This panel brings together experts on historical and current border and conflict zones in Asia, Europe and the Middle East. The aim is to bring processes of bordering, the areas in which borders come to be, and the agencies, practices, and populations involved in such developments to the center of discussion. Paying attention to the processes of bordering and division in their local contexts, rather than as by-products of global conflicts determined by major powers, uncovers the huge difference between setting borders on maps or in treaties and actually being able to police and enforce borders on a daily basis. In studying historical and current conflicts and assessing their consequences, it is therefore at least as important to consider the levels at which such borders can be maintained in practice as it is to determine where exactly the lines were drawn.

Full details are available at heymancenter.org.

Co-sponsored by the European Institute at Columbia University; the Heyman Center for the Humanities; and the Interdisciplinary Center for Innovative Theory and Empirics (INCITE).

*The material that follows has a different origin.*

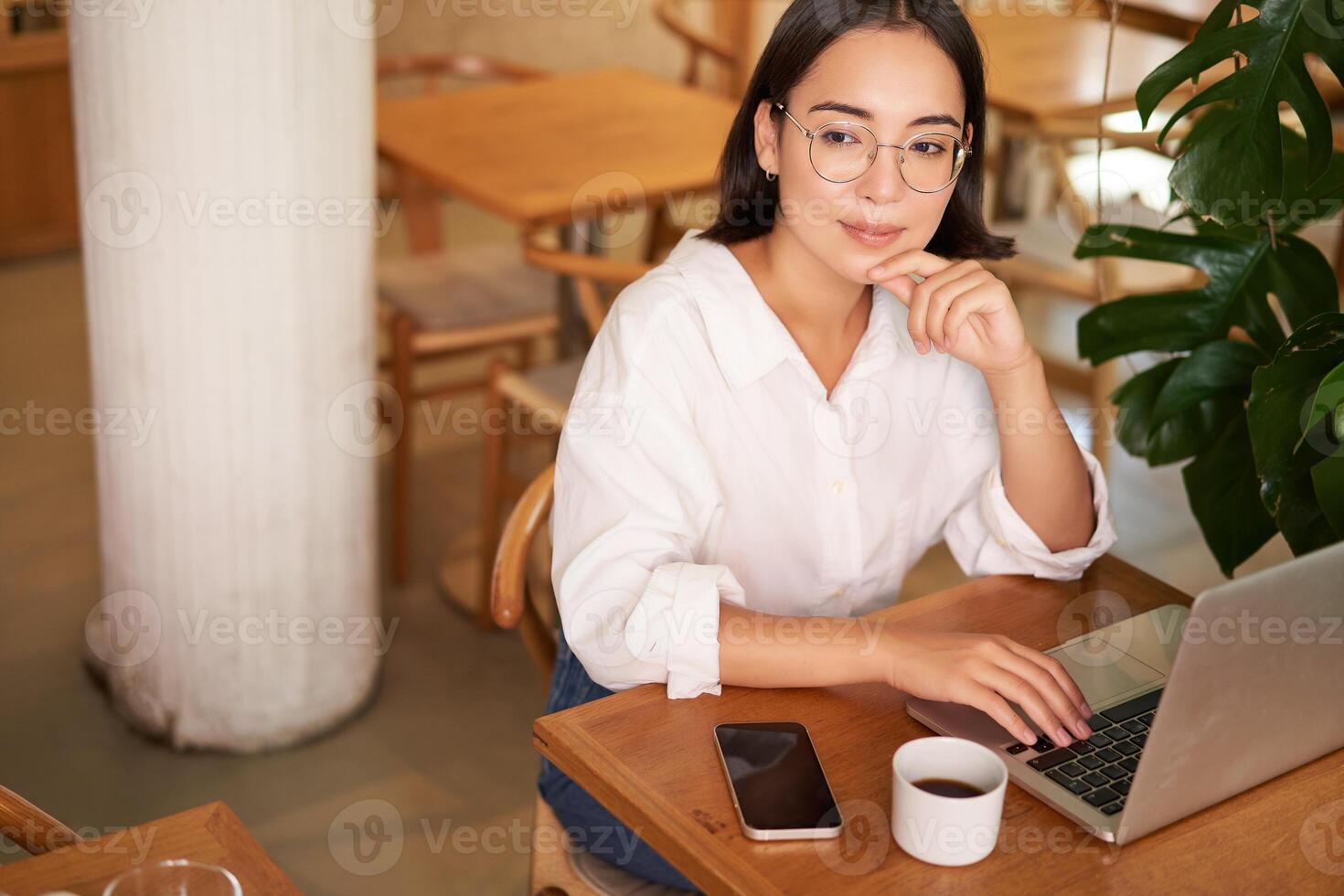 Working female entrepreneur sitting in cafe with laptop, typing on computer, drinking coffee photo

Divided Nations in an Integrated World
Charles K. Armstrong
Studies of conflicts during the Cold War tended to see the global conflict between the two superpowers and blocs as the primary determinant of the outcome, establishing clear separating lines of East and West.  National and regional divisions were often seen as epiphenomena of the global rivalry between Washington and Moscow. But different divisions unfolded according to regional and local conditions and studying them shows incompatibilities with Cold War trajectories and narratives.  Comparing the division of Germany/Europe to those of Korea, China and Vietnam, this presentation focuses on the connections and disconnections between national division and the global East-West divide, and the reasons for the persistence of some divisions despite the integrative forces of post-Cold War globalization.

The Cold War and the History of Bordering in Germany
Sagi Schaefer
Most accounts of the border between East and West Germany, the centerpiece of the Iron Curtain, offer dichotomous narratives of a rapid, almost instantaneous transformation from open to closed border. They focus on key events in 1952 and 1961 as hinges for such transformations. This talk will argue that division along this border was rather a gradual, incremental progress, which evolved over three decades. The talk would offer explanations to the discrepancies between history and historiography/memory and indicate implications for the study of bordering and division.

Breaking Borders
George Gavrilis
The twin implosions of Ukraine and Iraq have caused international policymakers and foreign affairs experts to worry about the fate of global borders. Their warnings are blunt: The borders we took for granted in the second half of the 20th century may not survive the first half of the 21st.  Are the crises in Ukraine and Iraq harbingers of things to come?  Are we in store for a violent redrawing of borders in Eurasia and the Middle East?  This talk discusses the impact of the crises on the stability of global borders.  It explains that the greater challenge states will face in the future is how to manage and police their borders, no matter where they lie.